Repeat the data in full. Drop every picture.

THE DATA:
------------------------
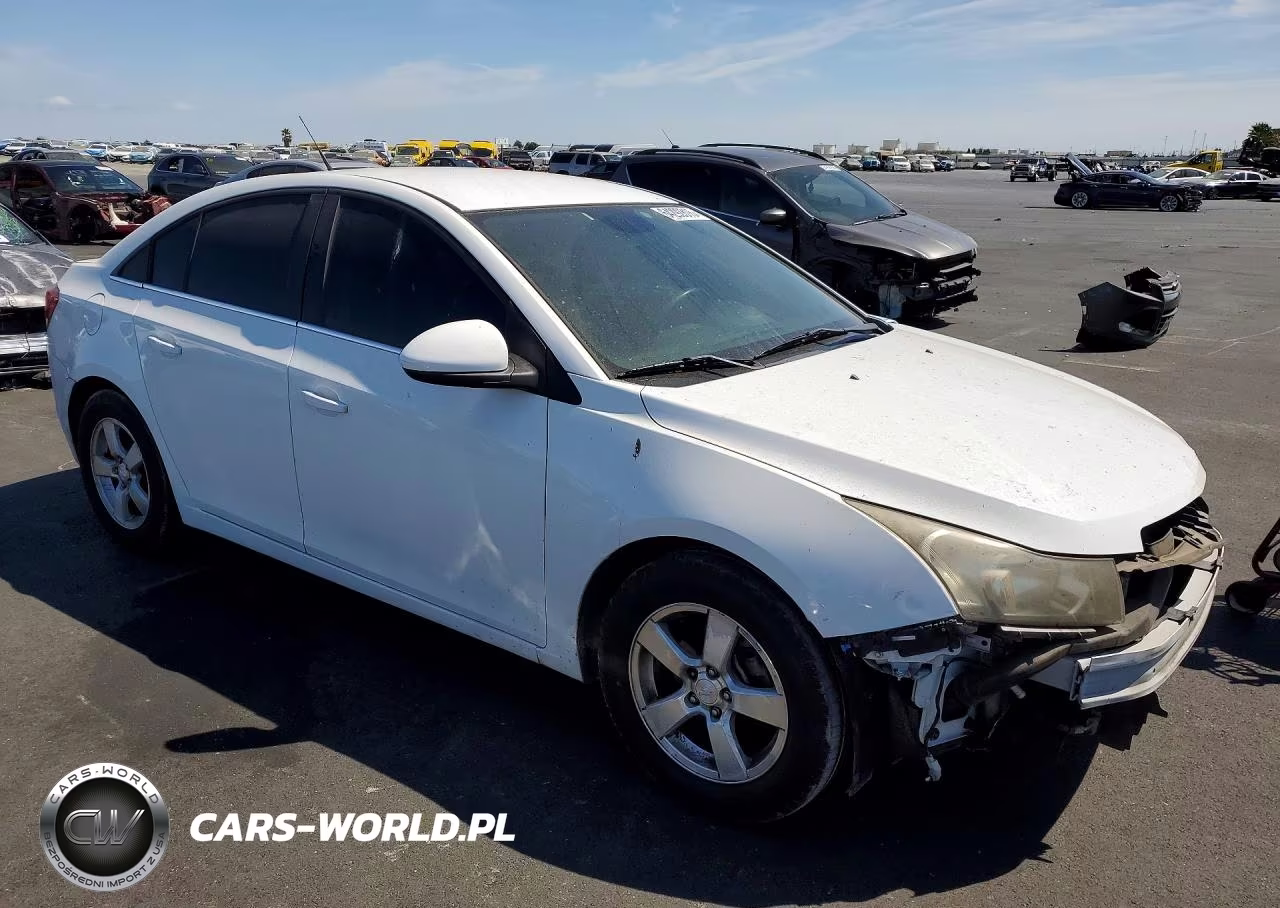 2013 Chevrolet Cruze Lt VIN:1G1PC5SB6D7195433 - 4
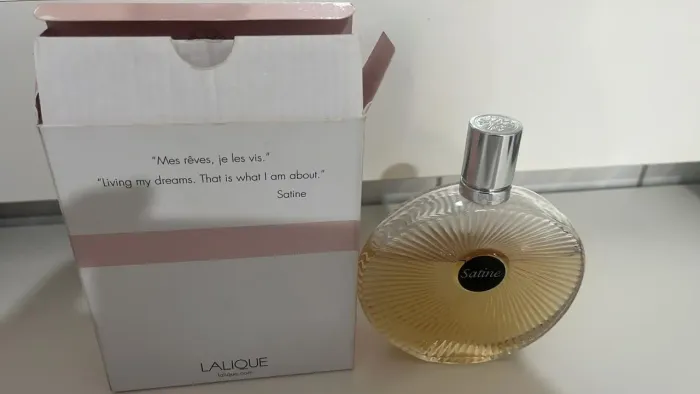 Satine de lalique perfume importado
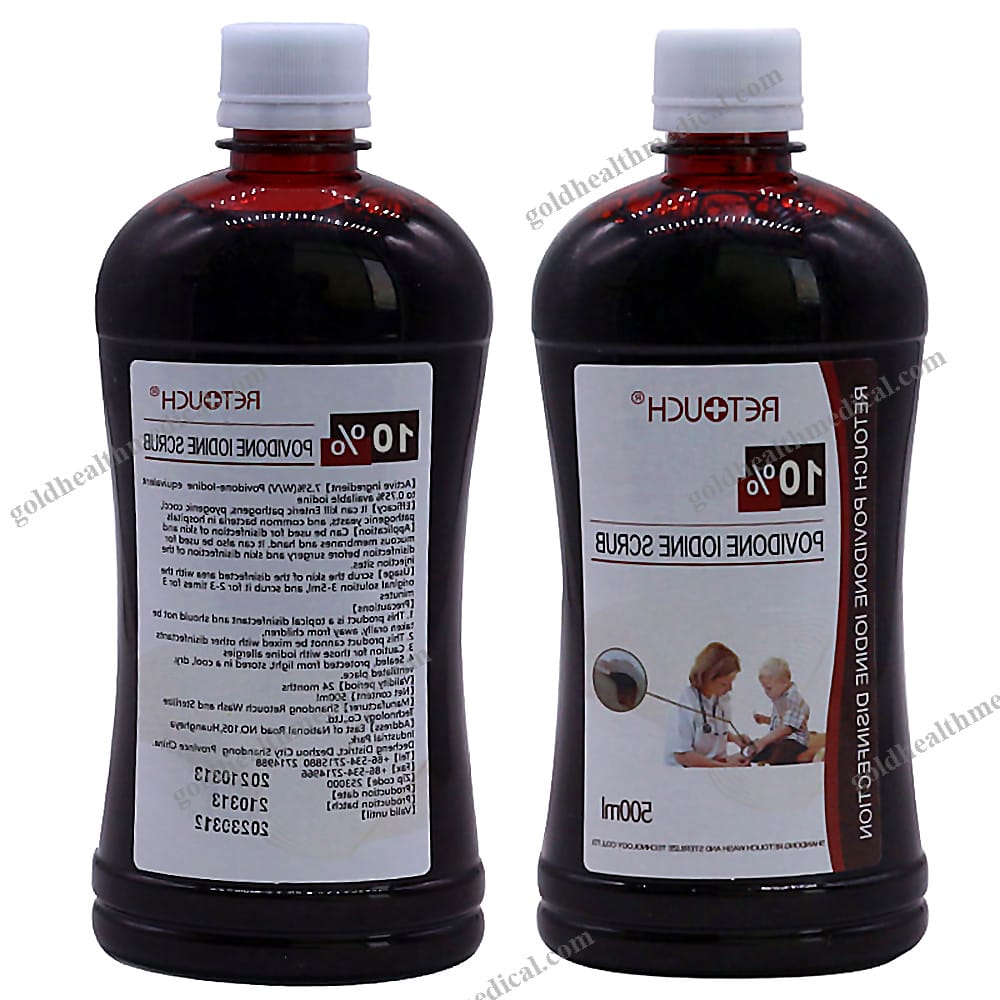 MediGrade 10 PovidoneIodine Disin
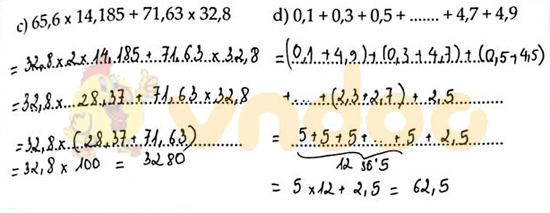 Cùng em học Toán lớp 5 Tuần 12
------------------------
EXERCISE RESULT:
 2013 Chevrolet Cruze Lt VIN:1G1PC5SB6D7195433 - 4
 Satine de lalique perfume importado
 MediGrade 10 PovidoneIodine Disin
 Cùng em học Toán lớp 5 Tuần 12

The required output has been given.